Magnan EM, Tancredi DJ, Xing G, et al. JAMA Netw Open. 2023;6:e2255101.
Rates of prescription opioid misuse and abuse led to recommendations for dose tapering for patients with chronic pain. However, concerns have been raised about the potential harms associated with rapidly decreasing doses or discontinuing opioids. Building on previous research, these researchers used a large claims database to explore the unintended negative consequences of tapering patients on stable, long-term opioid therapy. Findings indicate that opioid tapering was associated with fewer primary care visits, greater numbers of emergency department visits, and reduced adherence to antihypertensive and antidiabetic medications.

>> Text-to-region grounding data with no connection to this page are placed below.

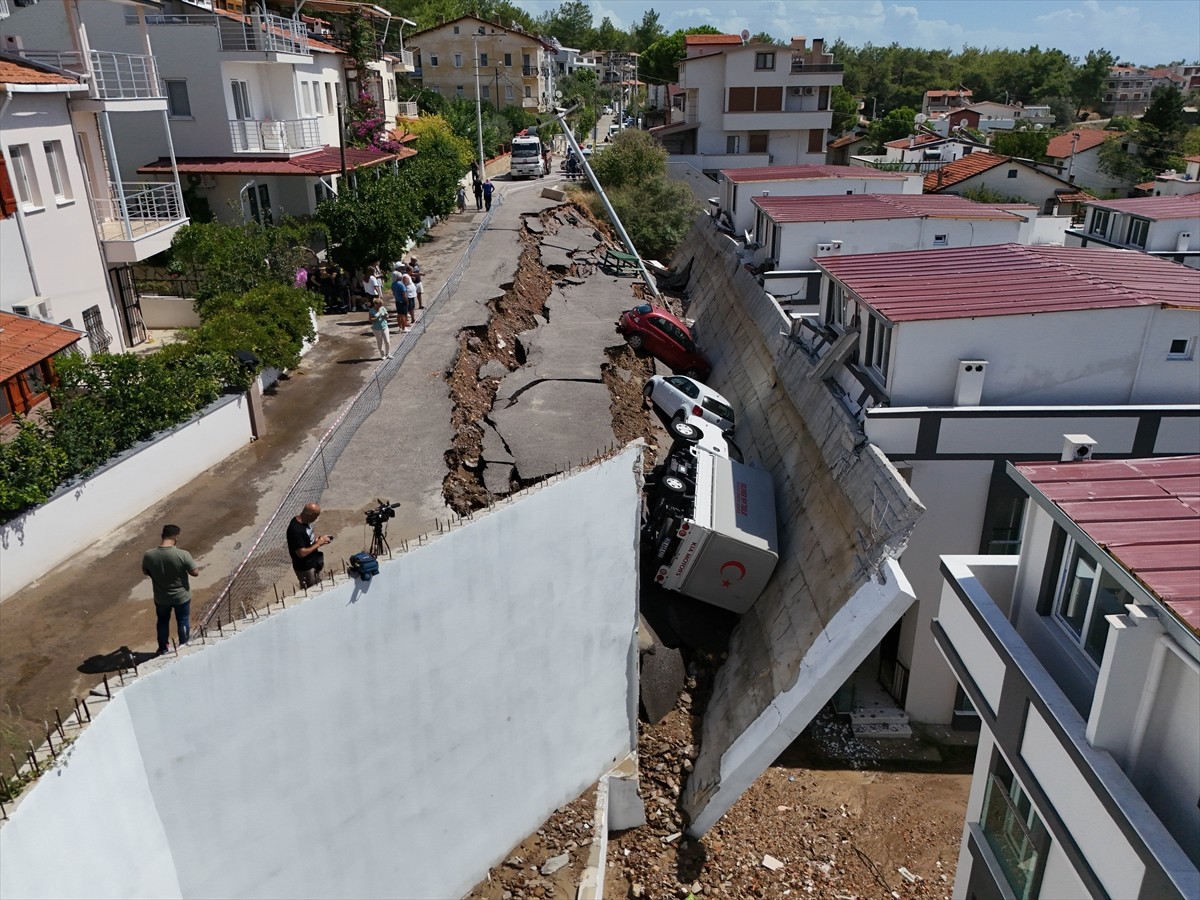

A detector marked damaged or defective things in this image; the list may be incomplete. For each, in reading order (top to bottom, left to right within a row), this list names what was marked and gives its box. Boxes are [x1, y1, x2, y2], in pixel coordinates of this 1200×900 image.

broken concrete slab [489, 379, 614, 480] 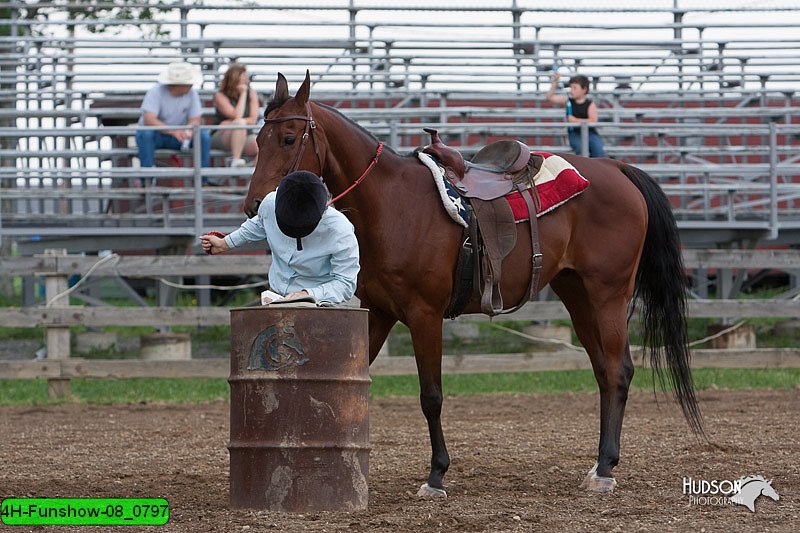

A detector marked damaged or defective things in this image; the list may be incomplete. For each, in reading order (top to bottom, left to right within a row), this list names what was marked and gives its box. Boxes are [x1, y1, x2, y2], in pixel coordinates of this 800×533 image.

rusty metal barrel [228, 306, 372, 510] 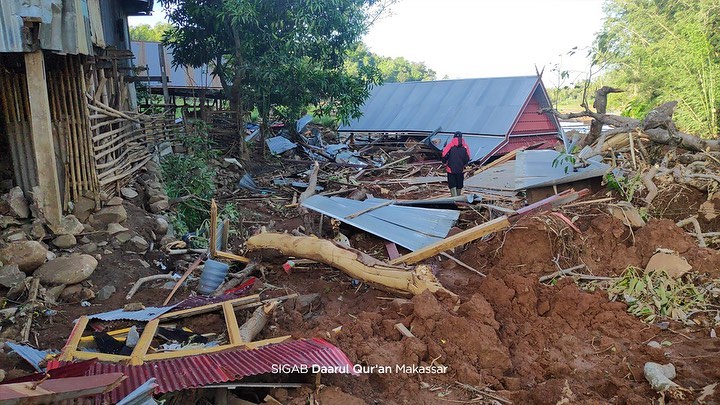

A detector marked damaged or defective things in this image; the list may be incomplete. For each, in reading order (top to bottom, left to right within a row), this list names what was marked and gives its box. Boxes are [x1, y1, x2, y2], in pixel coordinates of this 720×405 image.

damaged wooden house [0, 0, 179, 227]
bent metal roofing panel [342, 76, 540, 137]
damaged wooden house [340, 75, 564, 163]
broken wooden frame [59, 292, 296, 364]
rusty corrugated iron [46, 336, 356, 402] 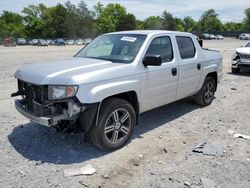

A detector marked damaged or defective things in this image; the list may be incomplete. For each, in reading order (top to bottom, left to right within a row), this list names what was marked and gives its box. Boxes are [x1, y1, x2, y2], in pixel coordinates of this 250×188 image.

damaged front end [11, 79, 86, 132] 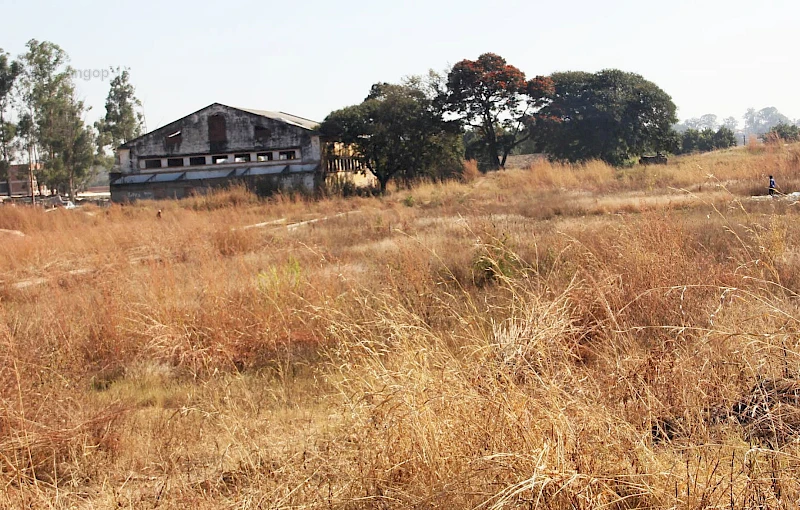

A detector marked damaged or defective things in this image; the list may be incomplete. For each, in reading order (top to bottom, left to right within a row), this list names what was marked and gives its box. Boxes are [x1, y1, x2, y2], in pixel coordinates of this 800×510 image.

broken window [208, 115, 227, 153]
broken window [256, 126, 272, 142] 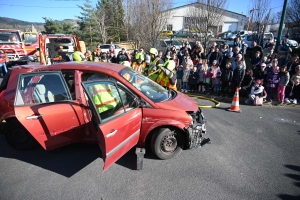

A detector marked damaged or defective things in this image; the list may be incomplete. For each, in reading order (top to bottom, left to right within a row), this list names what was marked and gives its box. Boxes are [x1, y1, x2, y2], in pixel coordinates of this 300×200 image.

damaged red car [0, 61, 209, 171]
crumpled front bumper [186, 108, 210, 148] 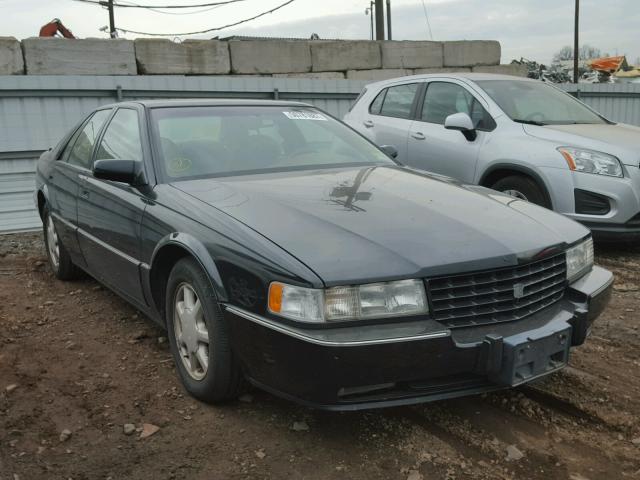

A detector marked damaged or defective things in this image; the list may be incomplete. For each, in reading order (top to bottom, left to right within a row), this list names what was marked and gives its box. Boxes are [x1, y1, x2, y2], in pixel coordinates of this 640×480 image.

damaged front bumper [222, 264, 612, 410] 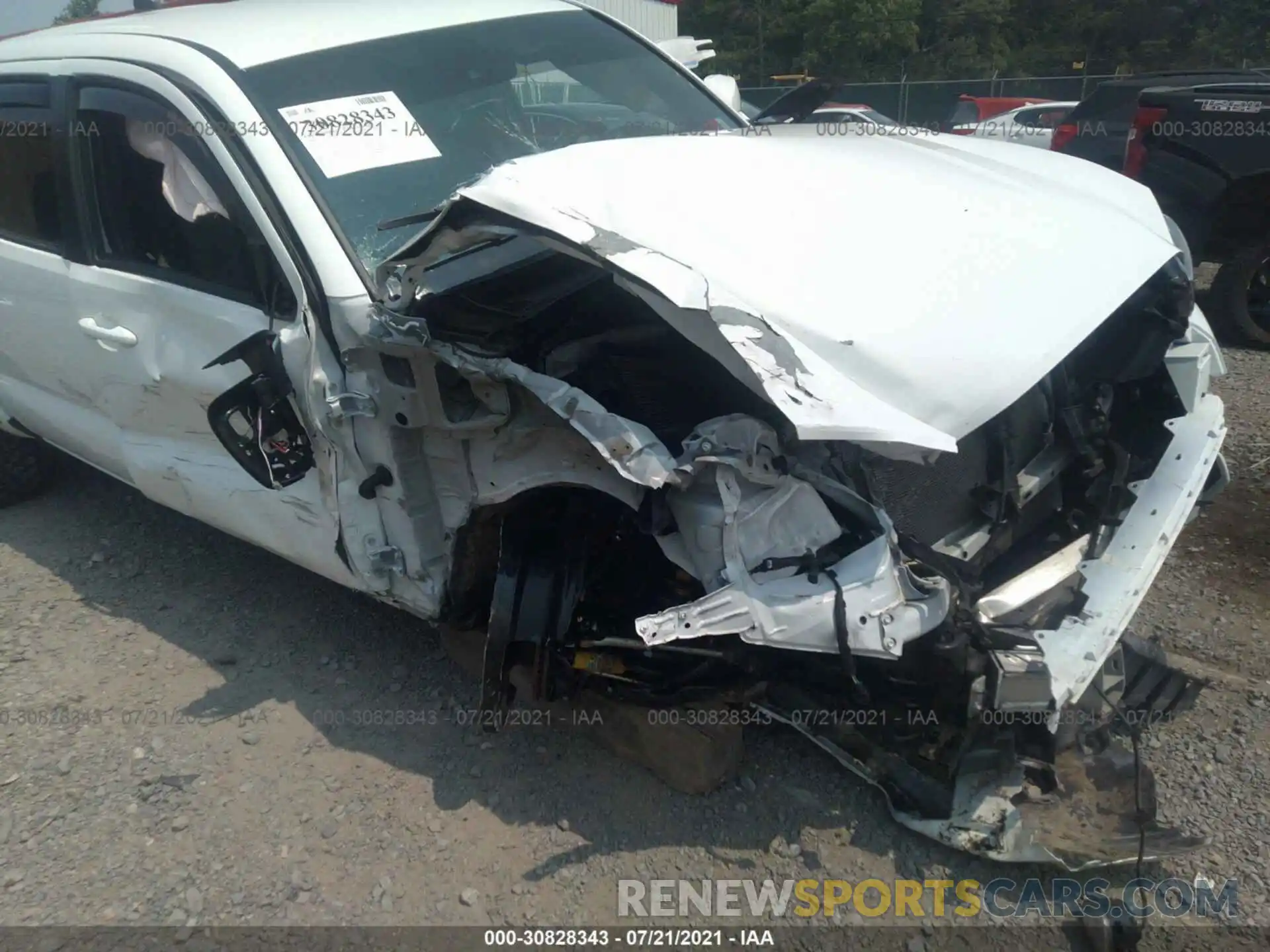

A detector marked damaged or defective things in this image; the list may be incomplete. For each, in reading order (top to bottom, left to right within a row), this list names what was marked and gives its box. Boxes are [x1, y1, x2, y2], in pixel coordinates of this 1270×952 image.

exposed wheel [0, 431, 55, 508]
broken side mirror [204, 330, 314, 492]
damaged front end of truck [242, 138, 1224, 868]
crumpled hood [449, 132, 1178, 457]
torn sheet metal [454, 133, 1178, 454]
exposed wheel [1204, 238, 1270, 350] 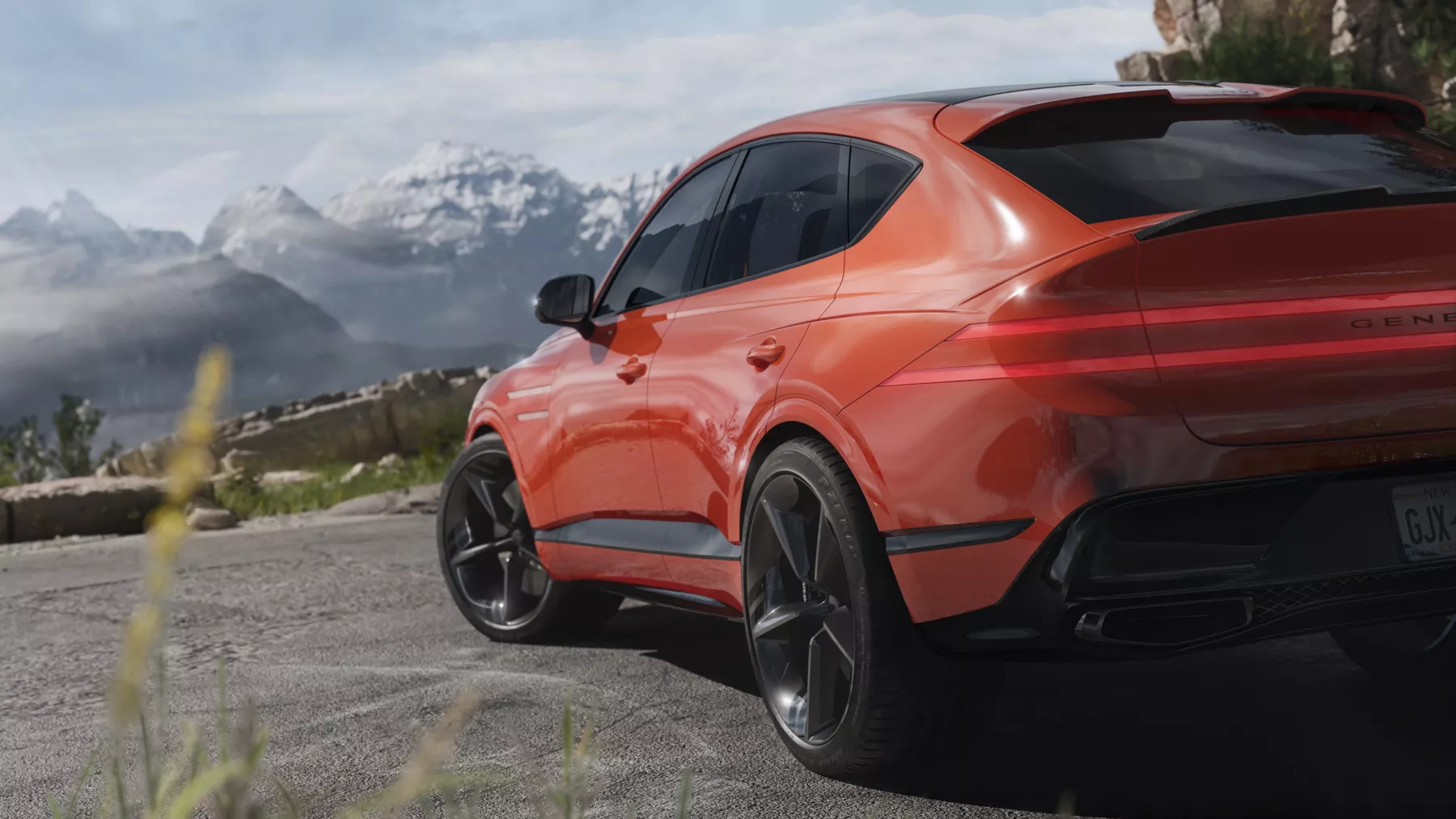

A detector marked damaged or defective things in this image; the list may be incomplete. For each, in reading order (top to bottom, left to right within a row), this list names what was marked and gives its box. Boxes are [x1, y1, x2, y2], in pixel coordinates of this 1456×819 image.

cracked asphalt road [2, 514, 1456, 815]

Vargas V, Blakeslee WW, Banas CA, et al. PLoS ONE. 2023;18:e0279903.
Medication reconciliation can help identify medication discrepancies during transitions of care. This study examined the impact of a complete medication history database to support pharmacist-led medication reconciliation and identification of medication discrepancies during the admission process for patients at one psychiatric hospital. A retrospective analysis identified 82 medication errors; 90% of these errors – primarily dosage discrepancies and omissions – could have led to patient harm if not corrected through pharmacist intervention.
Namiranian, MD, PhD K. J Opioid Manag. 2023;19:69-76.
Prescription opioids are commonly used to manage surgical and non-surgical pain but misuse of opioids is a serious patient safety concern. In this retrospective cohort study of Veterans Health Administration patients, researchers found that opioid misuse among previously opioid-naïve patients increases significantly after 11 months of chronic use, regardless of whether the opioid was prescribed for surgical or non-surgical pain.